* **Activity**:
Repeat the listing below exactly from the line with "Discount Claris Virot" through its last line. Skip every picture.

* **Supplied data**:

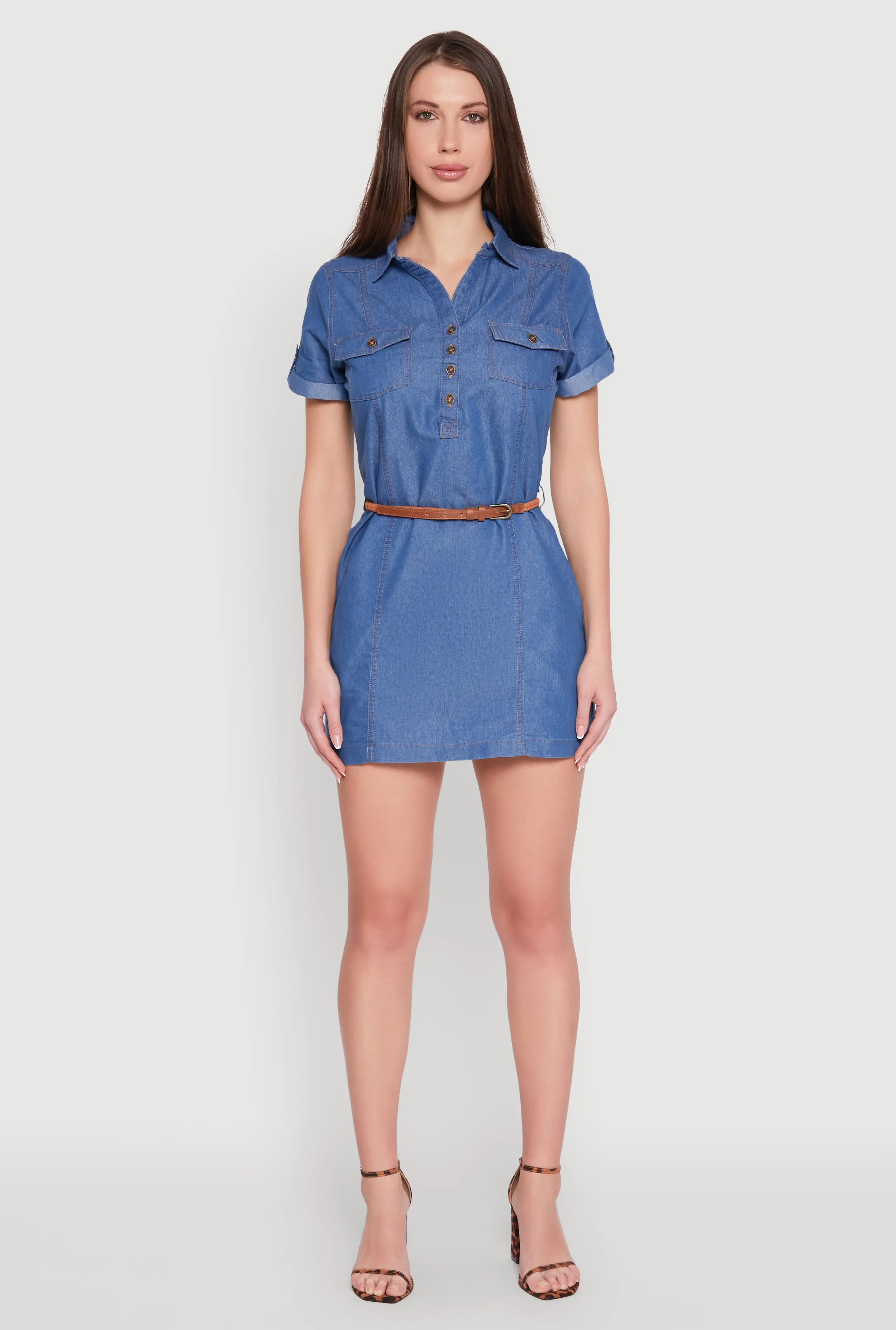 Chambray Belted Half Button Mini Dress sold by Rainbow product image thumbnail 2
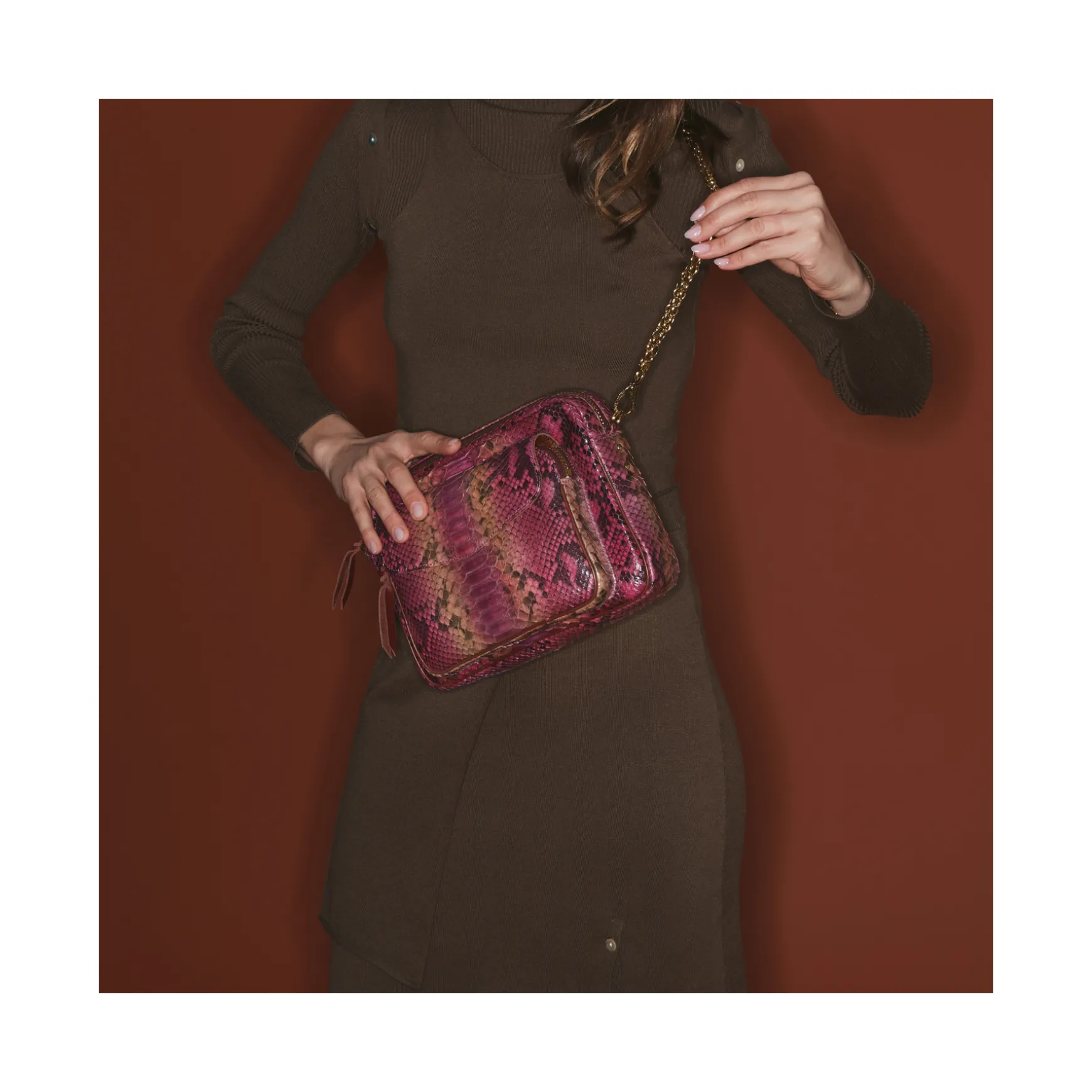 Discount Claris Virot Sac Big Charly Python Bordeaux Rose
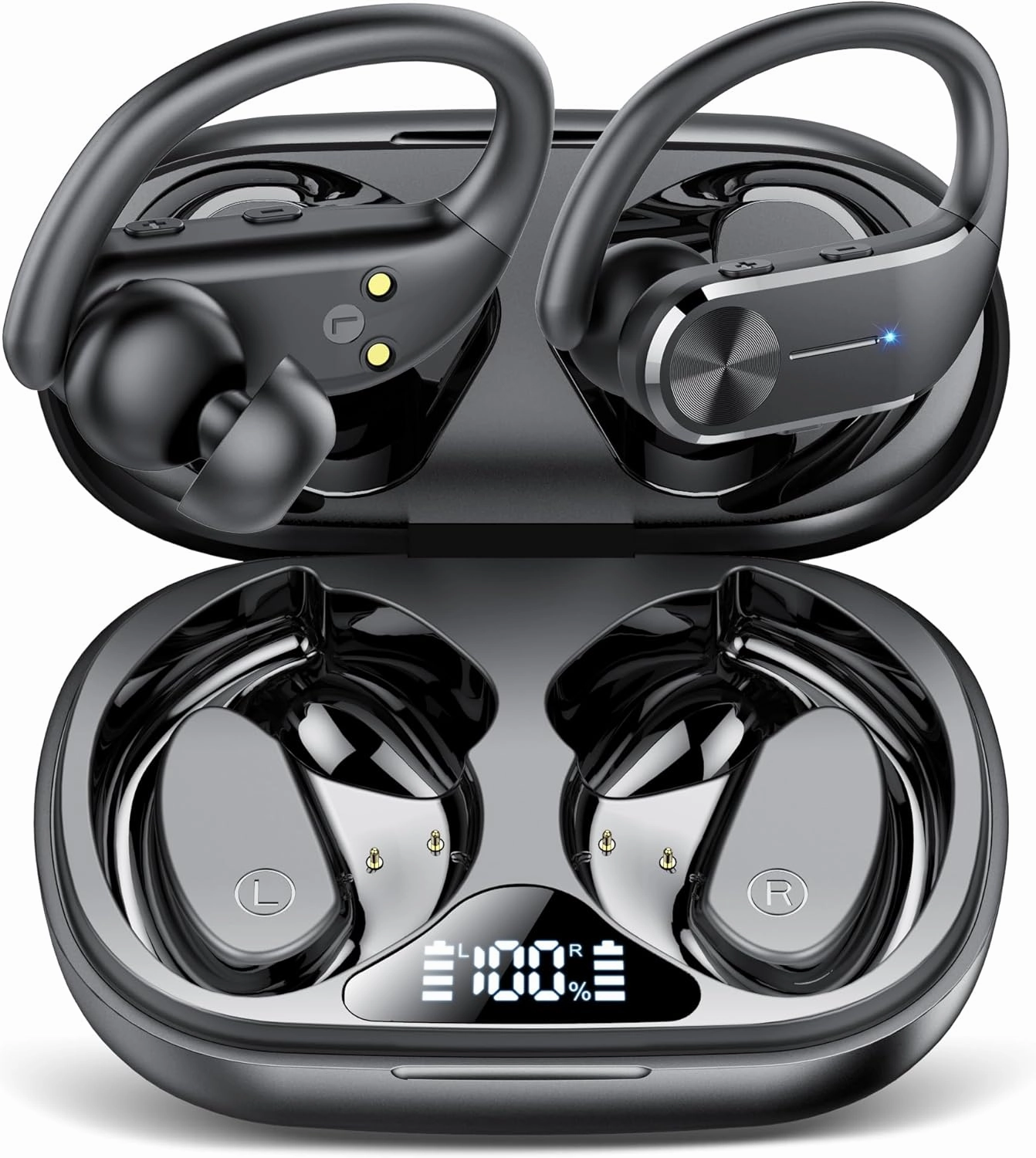 Ear Buds Wireless Earbuds Bluetooth 5.3 HiFi Stereo Running Headphones 68Hrs Playtime Over Ear Headphones with Earhooks for Sport, LED Digital Display IPX7 Waterproof USB C for Running/Work TWS earbuds,compact wireless buds,Bluetooth ear tips,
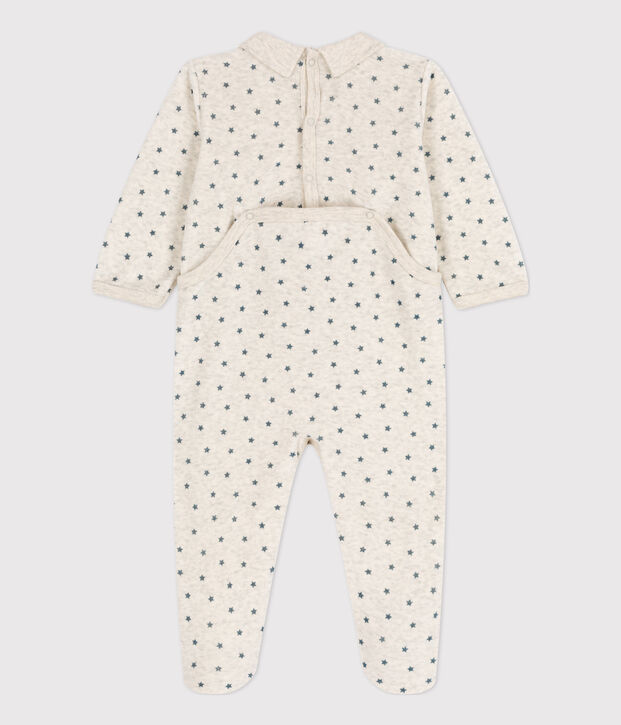 Fluwelen babypyjama met sterren beige/grijs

* **Answer box**:
 Discount Claris Virot Sac Big Charly Python Bordeaux Rose
 Ear Buds Wireless Earbuds Bluetooth 5.3 HiFi Stereo Running Headphones 68Hrs Playtime Over Ear Headphones with Earhooks for Sport, LED Digital Display IPX7 Waterproof USB C for Running/Work TWS earbuds,compact wireless buds,Bluetooth ear tips,
 Fluwelen babypyjama met sterren beige/grijs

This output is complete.